LAW SCHOOL NOTES

i decided to create this blob for two reasons; firstly, a friend of mine asked me to help clarify certain concepts we are currently studying in law school, and secondly, i figured if i spent half my waking hours in front of a computer, i might as well benefit from it some way. but always remember kids, do your readings - nothing i write here is gospel, so make sure you check the accuracy of it yourselves.

Friday, October 20, 2006

TOPIC ONE: EQUITABLE INTERESTS ARISING BY LAW

1. TRUSTS

A) RESULTING TRUSTS (UNEQUAL CONTRIBUTIONS)

CALVERLEY v GREEN (1984)
FACTS: long-term de facto relationship.

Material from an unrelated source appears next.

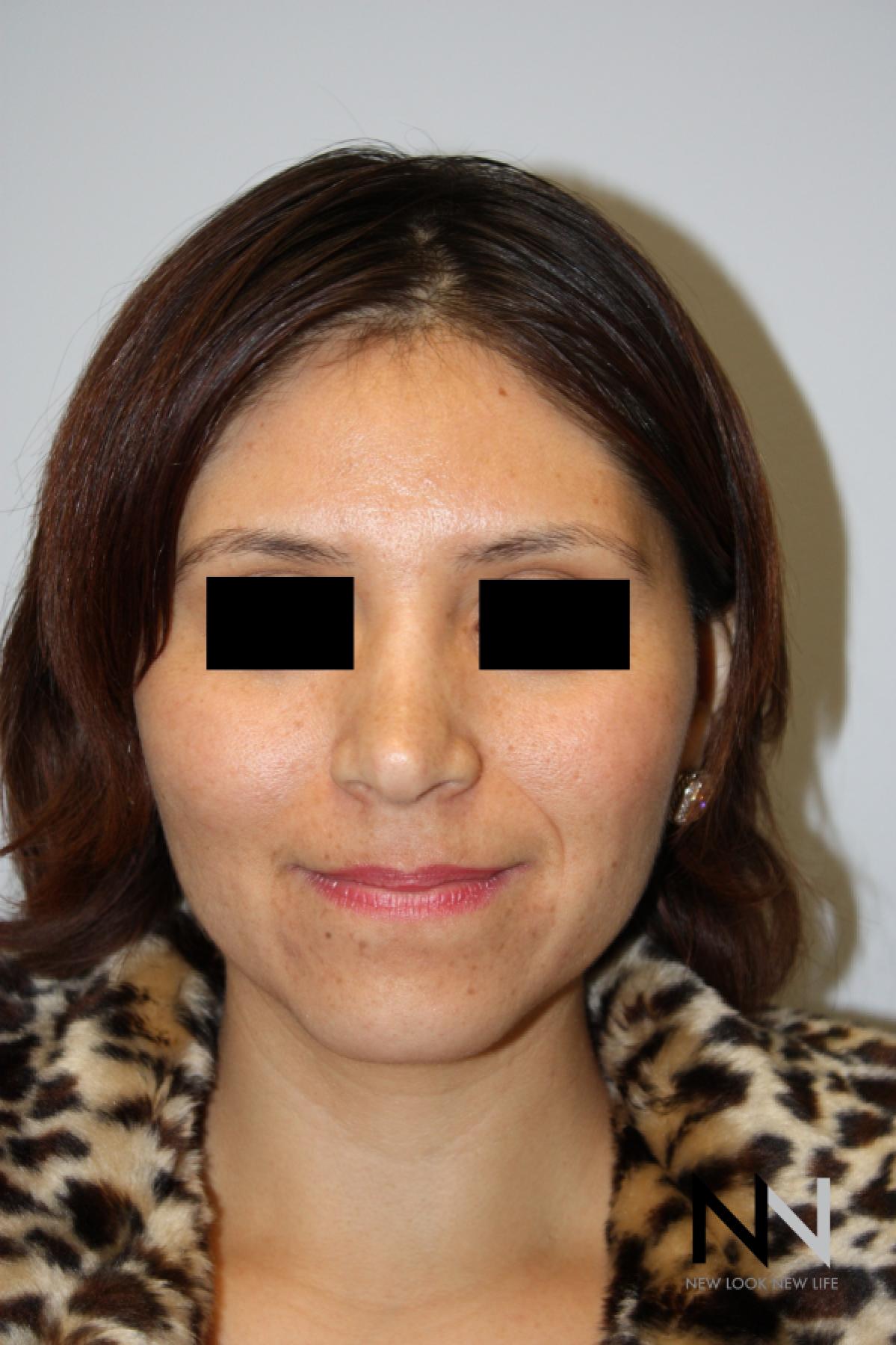 Rhinoplasty: Patient 5 - After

C provided 2/3 of the purchase money for a property, and G provided 1/3. they were joint tenants at law since C's contribution was a mortgage he entered into together with G. the amounts contributed are calculated at time of purchase, so mortgage repayments not relevant. what were their interests?
HELD: GIBBS, MASON, BRENNAN, DEAN JJ - in equity, where there are mulitple contributions, the property interests are divided in proportion to each party's contribution. where there is an unequal contribution, the presumption of resulting trust will apply. here, at law they were JTs, but in equity holding in 1/3 and 2/3 respectively.

BROWN v BROWN (1993)
FACTS: looked at the presumption of advancement. a mother provided about half the purchase price for a house, he sons paid the rest by getting a loan. before she died, she willed her share to her daughters. the sons constested this, saying the contribution was a gift.
HELD: GELEESON J - there was no intention to gift the property. there was a resulting trust where the sons had legal title but held the mother's (not daugher's interest) on trust, in proportion to her contribution (about half the purchase price).

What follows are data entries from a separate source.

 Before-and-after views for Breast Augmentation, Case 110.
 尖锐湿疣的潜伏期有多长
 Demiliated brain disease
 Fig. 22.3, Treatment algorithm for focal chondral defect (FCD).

B) CONSTRUCTIVE TRUSTS (CONSTRUED BY LAW)

i) COMMON INTENTION CONSTRUCTIVE TRUST (arises at time of common intention)

OGILVIE v RYAN [1976]
FACTS: O was an old guy who owned property. he said that R moved in with him and took care of him, she could live in the house as long as she lived - conferring a life estate. he later died and his son tried to take possession of the land free of R's interest. she argued a CICT or oral agreement with part-performance. she failed on the second argument since the acts she performed were equivocal, not clearly in relation to the agreement (REGENT).
HELD: there was a CICT. there was a common intention that she would live there for her life if she took care of him, which she did. she had suffered detriment in the way of her significant contributions in taking care of him etc. hence, O's son held her interest on trust.

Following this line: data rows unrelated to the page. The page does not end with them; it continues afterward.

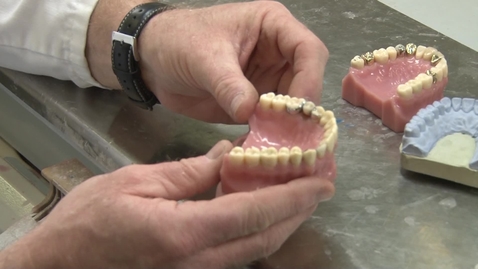 Thumbnail for See How They're Made: Dental Crowns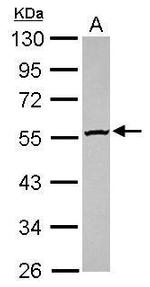 GBA3 Antibody in Western Blot (WB)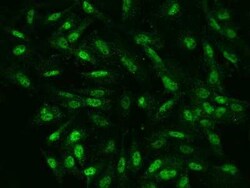 NKX6.1 Antibody, Novus Biologicals 100 &mu;g, Unconjugated:Antibodies,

ii) REMEDIAL CONSTRUCTIVE TRUST

MUSCHINSKI v DODDS (1985)
FACTS: were a de facto couple from 72 - 80. M had paid the full purchase price of a property from selling a home she owned. they were TICs at law, even though by the end their contributions were split about 90/10. when they split up, M wanted everything and D wanted 50/50.
HELD: MASON, DEANE JJ – equity can intervene to ensure parties are repaid their capital investments. TIC confers distinct shares, in this case 90/10. if the sale of land creates a surplus to their capital investments, then the balance will be distributed evenly.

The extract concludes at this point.